(Scraped caption text data)
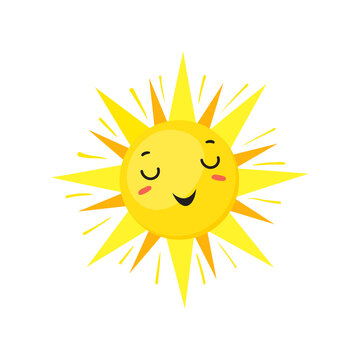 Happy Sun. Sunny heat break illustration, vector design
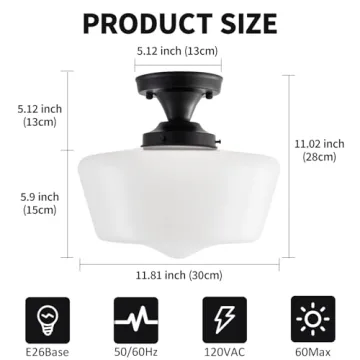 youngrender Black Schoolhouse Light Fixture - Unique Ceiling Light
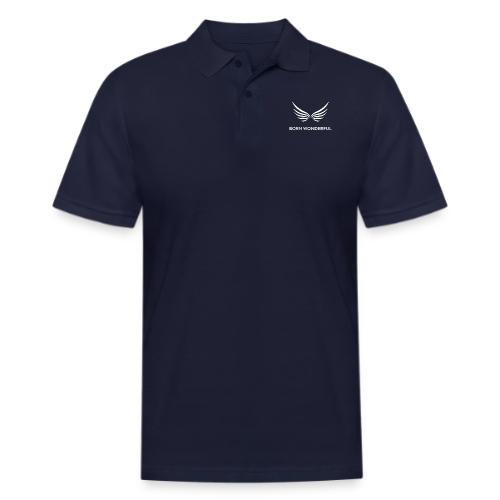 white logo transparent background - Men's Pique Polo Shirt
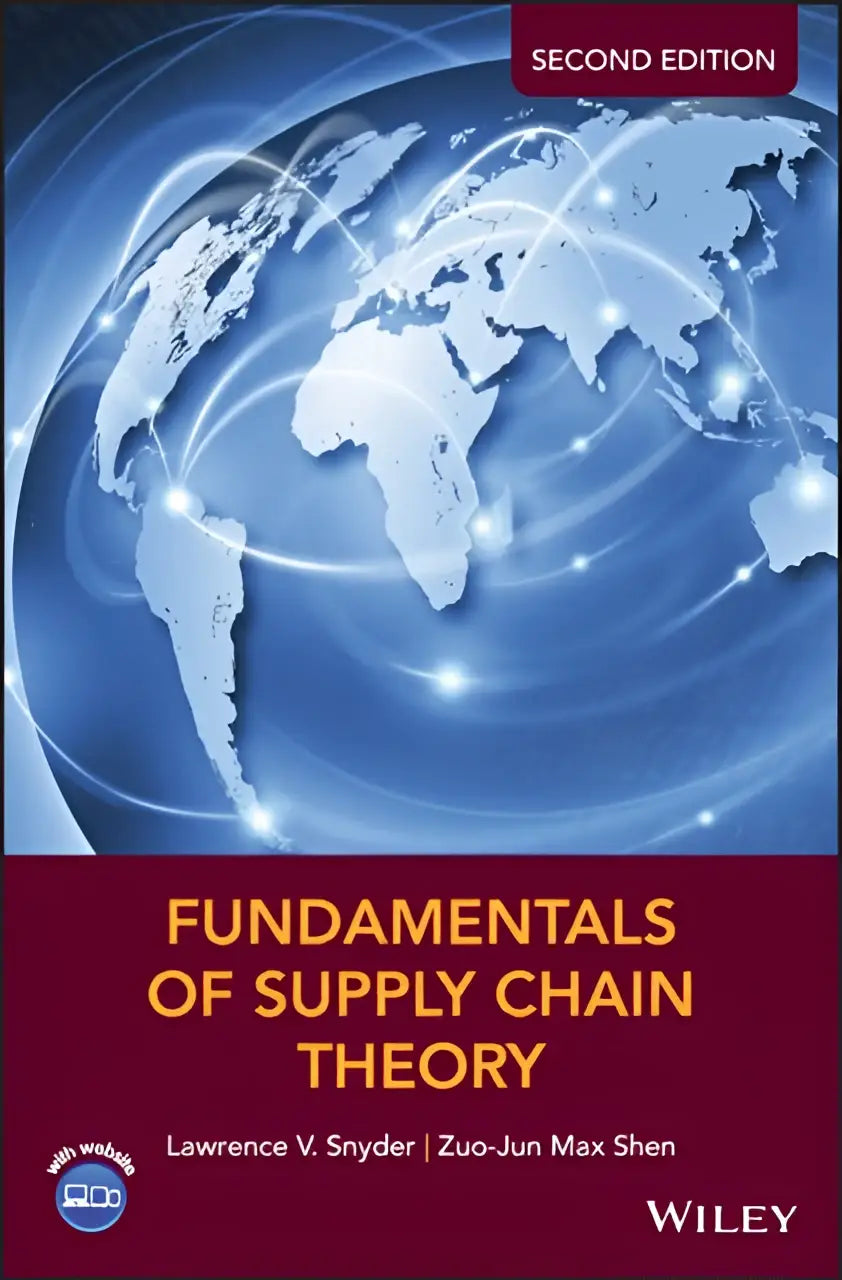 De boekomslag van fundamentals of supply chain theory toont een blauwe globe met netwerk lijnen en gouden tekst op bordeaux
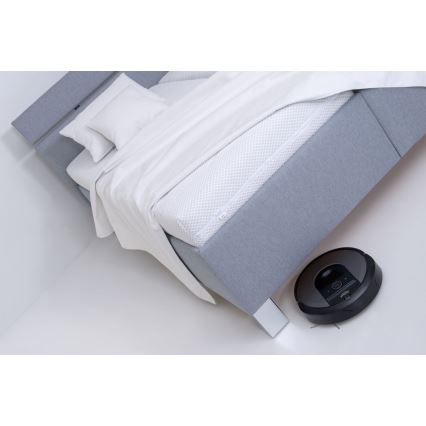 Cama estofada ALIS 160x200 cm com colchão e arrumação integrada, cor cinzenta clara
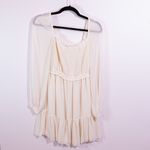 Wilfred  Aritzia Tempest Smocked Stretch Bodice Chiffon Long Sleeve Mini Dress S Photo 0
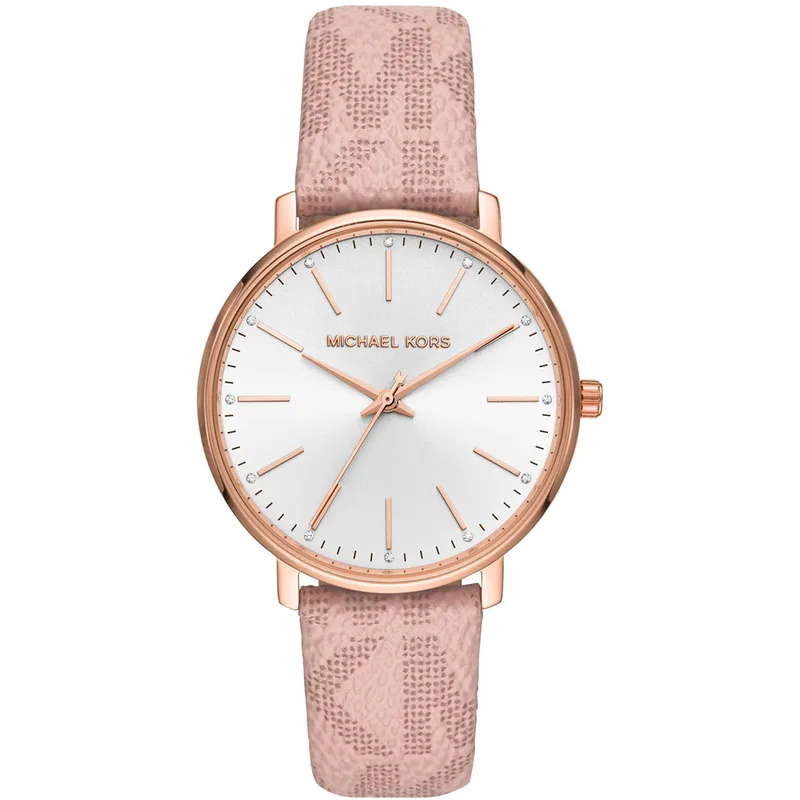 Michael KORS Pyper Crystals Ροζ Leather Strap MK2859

...

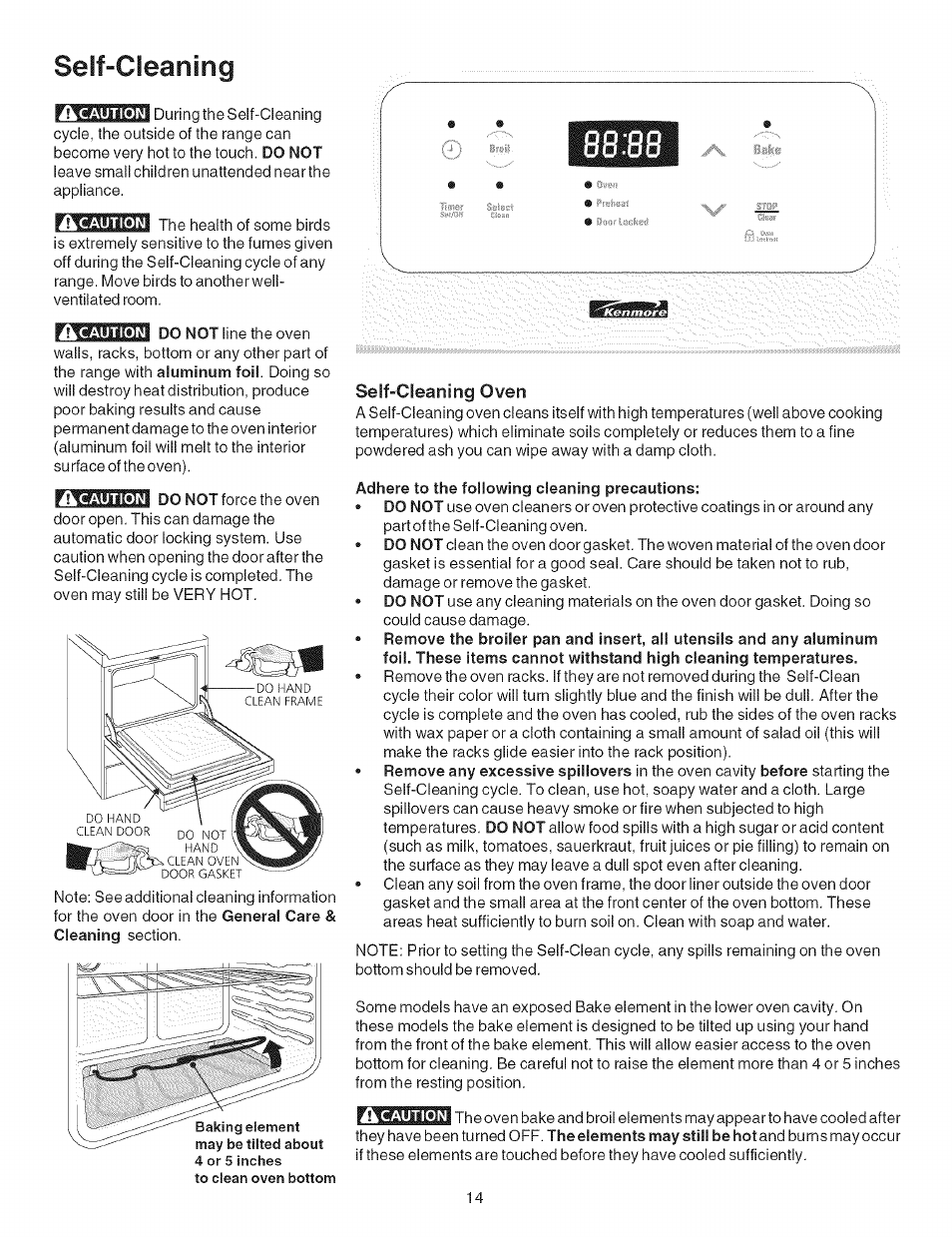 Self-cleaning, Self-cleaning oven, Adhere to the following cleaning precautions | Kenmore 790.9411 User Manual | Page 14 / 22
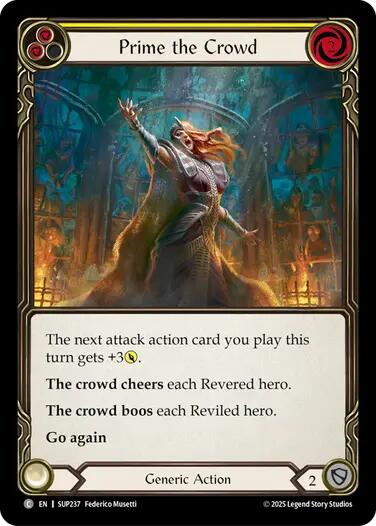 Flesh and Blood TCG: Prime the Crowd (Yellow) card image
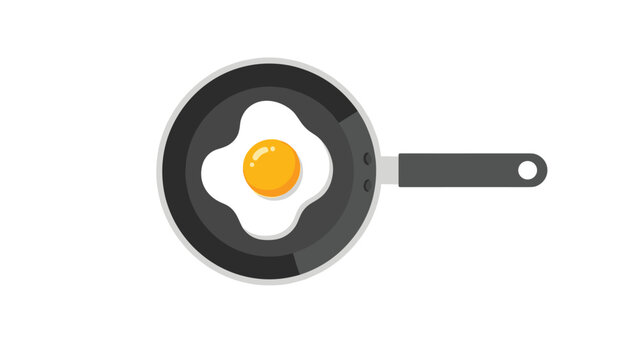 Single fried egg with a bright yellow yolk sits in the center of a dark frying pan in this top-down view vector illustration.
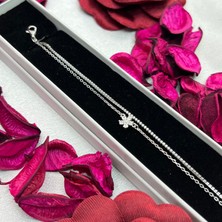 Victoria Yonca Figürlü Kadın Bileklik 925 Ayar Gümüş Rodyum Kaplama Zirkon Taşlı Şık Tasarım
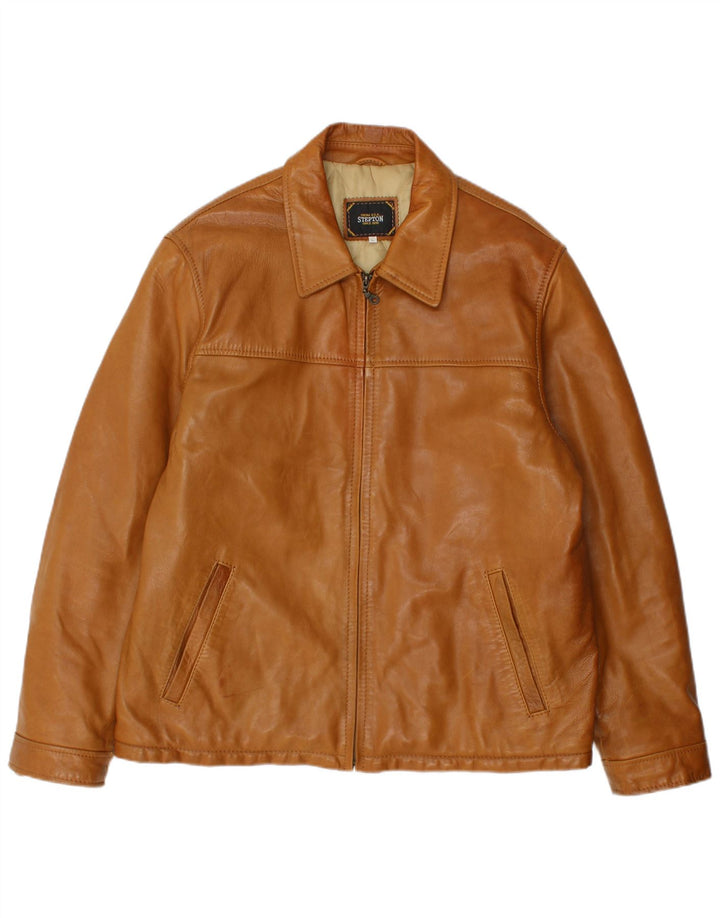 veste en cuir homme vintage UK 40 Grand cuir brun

### Goal of the exercise
Output exactly the lines above, beginning at the one with "Single fried egg" and stopping after the one with "veste en cuir". Pictures are to be omitted.

### Answer to this exercise
 Single fried egg with a bright yellow yolk sits in the center of a dark frying pan in this top-down view vector illustration.
 Victoria Yonca Figürlü Kadın Bileklik 925 Ayar Gümüş Rodyum Kaplama Zirkon Taşlı Şık Tasarım
 veste en cuir homme vintage UK 40 Grand cuir brun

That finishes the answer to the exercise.